The Eclipse Development Process doesn’t make any specific requirements on what projects are supposed to distribute. Projects are required to operate in an open and transparent manner, so I guess that we could say that project are required to distribute their source code. And they do distribute source code via Git, SVN, and CVS. But how projects provide their code outside of the source code repositories is really left to the individual projects.
Most Eclipse projects distribute something from the download server. Some projects provide p2 repositories. Some provide archives (generally in the form of ZIP or tar.gz) files of project bundles. Some of these archives include bundles from other projects (including project bundles and third-party libraries). Eighty (80) projects, for example, distribute at least one bundle from EMF alongside their own bundles. Seventy-five (75) projects ship at least one bundle from Eclipse Platform. Thirty-five (35) projects include bundles from ECF with their distribution.
I can’t remember the last time that I installed any Eclipse software from an archive file. If you excuse the Eclipse for RCP and RAP Developers package that is. It’s literally been years since I’ve downloaded any other project’s archive file and installed it “the old fashioned way”.
I posed the archive question on Twitter. @dougschaefer replied with “Off-line installs”. This makes sense when you consider users who are stuck behind a firewall and can’t use p2. @irbull suggested that building target environments is still problematic and it is oftentimes easier to just piece together a handful of archives. @njbartlett added that “offline installs are crucial for setting up training courses”. These are great reasons to keep these archives, so I’m willing to accept that having them is valuable (my own usage patterns notwithstanding).
But then, why do so many projects include bits from other projects? Some of the downloads are “all-in-one” packages: convenient distributions that pull all the necessary bits together into a single handy download. This is also good stuff, but certainly adds a lot of weight on our download server when you think about multiple versions of “all-in-one” packages for multiple platforms. This can easily become gigabytes of data in very short order.
I started this discussion because disk space use continues to increase an an alarming rate. We are very concerned not only about the rising cost of maintaining our own servers, and backup; but the cost to our many mirrors. Some mirrors are already selective with regard to what they rsync from our servers. And Denis has done a good job of identifying files that should not be replicated. Even after that pruning, however, there are a lot bits left. As the volume increases, we run the risk of angering and possibly losing mirrors.
If we assert that all the different forms in which project code is distributed today are necessary and vital to the ongoing health of the projects and community, what should we say about retention?
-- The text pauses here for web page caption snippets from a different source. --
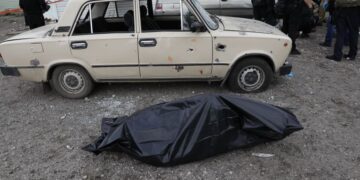 Se eleva a 30 los muertos y 88 heridos por ataque ruso en Zaporiyia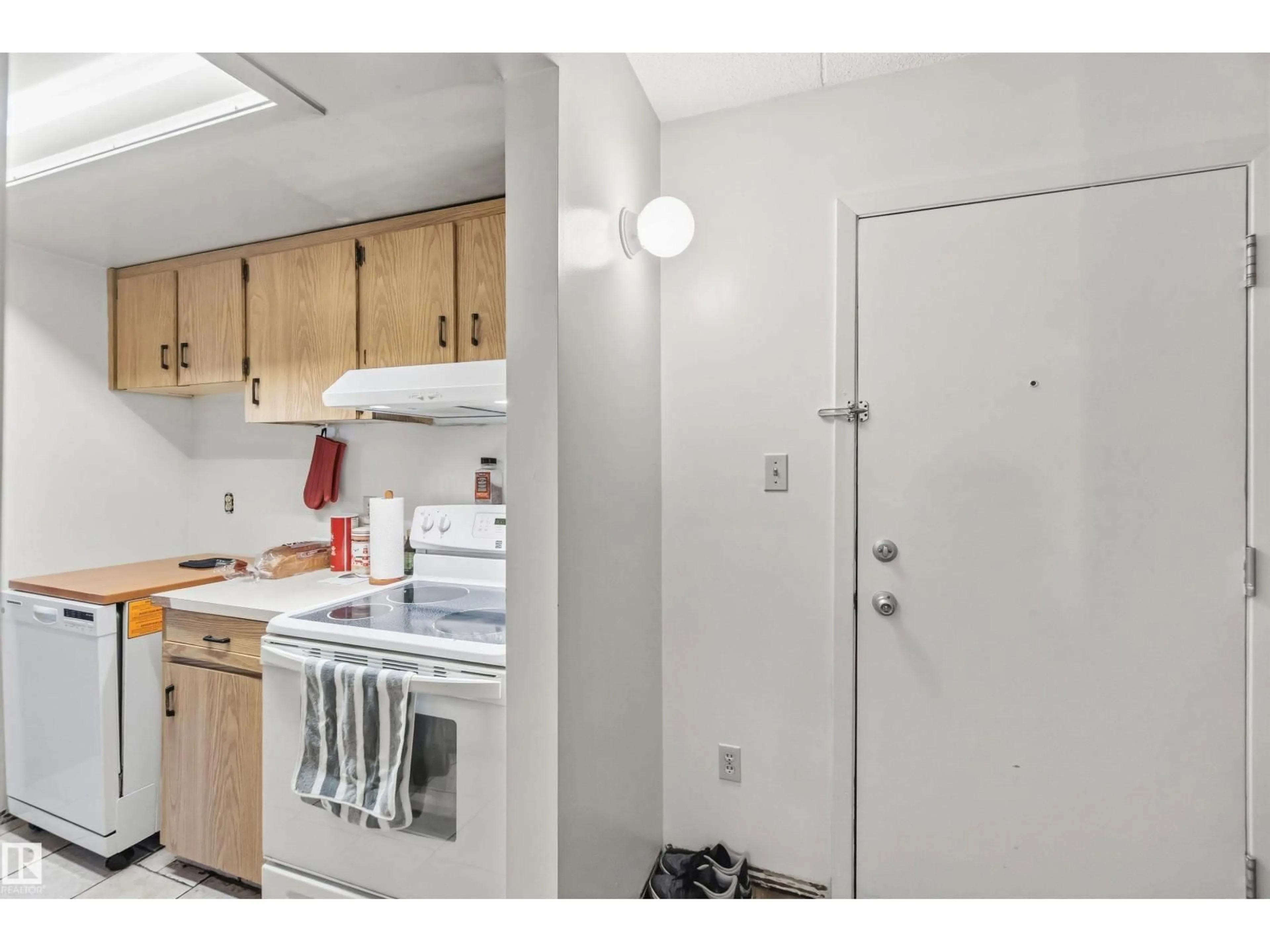 Standard kitchen, unknown for 202 - 11026 106 ST NW, Edmonton Alberta T5H2Y4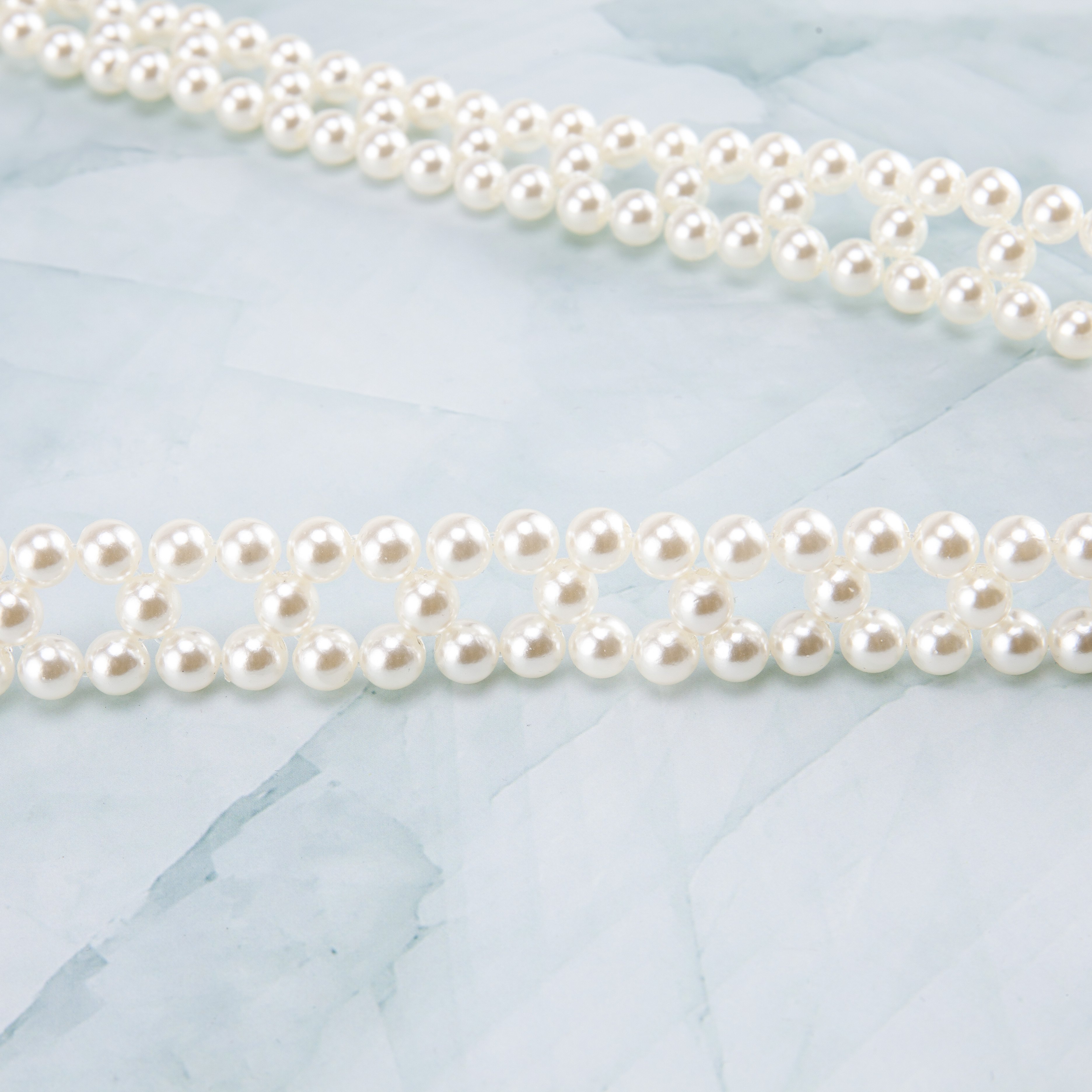 Customizable and Adjustable Chain and Plastic Mobile Phone Lanyard Fashionable Pearl Strap for Crossbody Carrying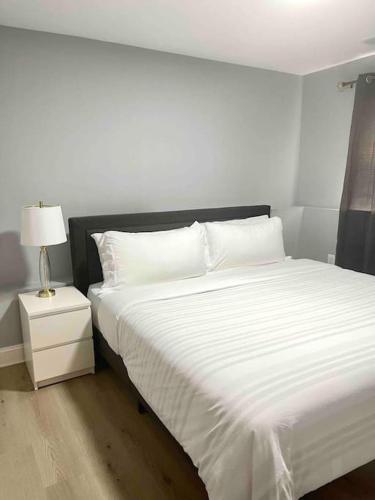 Modern 2 bedrooms and 1 bath house Modern 2 bedrooms and 1 bath house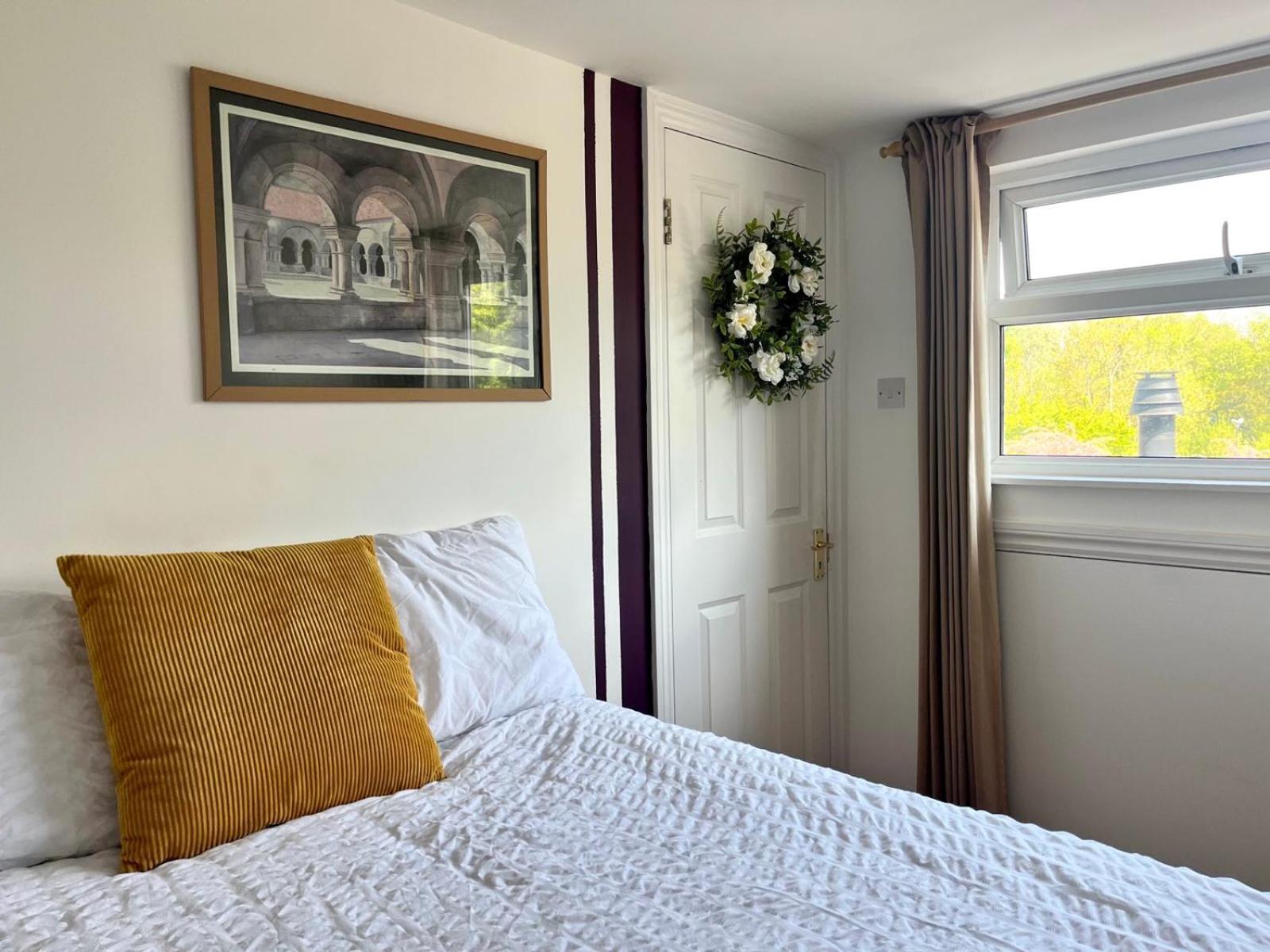 Lopez Home Crawley Ifield ภายนอก รูปภาพ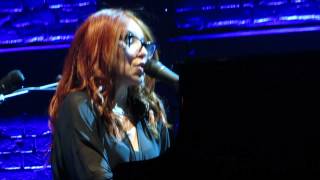 Tori Amos - 16 Shades of Blue live - Paris 2014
I know that many projects have a retention policy for the bits they provide for download. Some even document their policy. For most projects, however, it’s more ad hoc. How long before bits are moved from the download server to the archive server? How long before they’re just moved to the big bit-bin in the sky? What–if anything–do you keep forever? How long are nightly, integration, and milestone builds retained?
I really don’t want to create a formal policy for this. Projects have enough burden without adding still more to the pile. This is, however, the sort of thing that projects need to think about. At least a little. It’s another example of tragedy of the commons: the more we wait for others to step up and take care of the problem for us, the more likely it is that we’re all going to lose out.
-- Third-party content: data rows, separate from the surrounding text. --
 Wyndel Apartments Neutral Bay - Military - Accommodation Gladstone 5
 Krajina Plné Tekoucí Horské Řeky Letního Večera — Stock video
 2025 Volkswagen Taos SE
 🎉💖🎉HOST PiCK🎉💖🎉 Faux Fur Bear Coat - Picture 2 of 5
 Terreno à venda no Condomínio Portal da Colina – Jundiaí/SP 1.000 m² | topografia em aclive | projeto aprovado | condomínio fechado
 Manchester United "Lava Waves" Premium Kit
It would be helpful, for example, if files–especially large ones–that aren’t downloaded all that much could be moved to the archive server which is not mirrored. Assuming the download script is used, this move will be transparent to your community. If files start to become more popular, they can be moved back.
I consider this the start of the discussion (or–more likely–the continuation of an ongoing discussion). What can the Eclipse Foundation do to help?
For some reason I’m reminded of the bit in This is Spinal Tap, “Are there any requests? … get off the what?”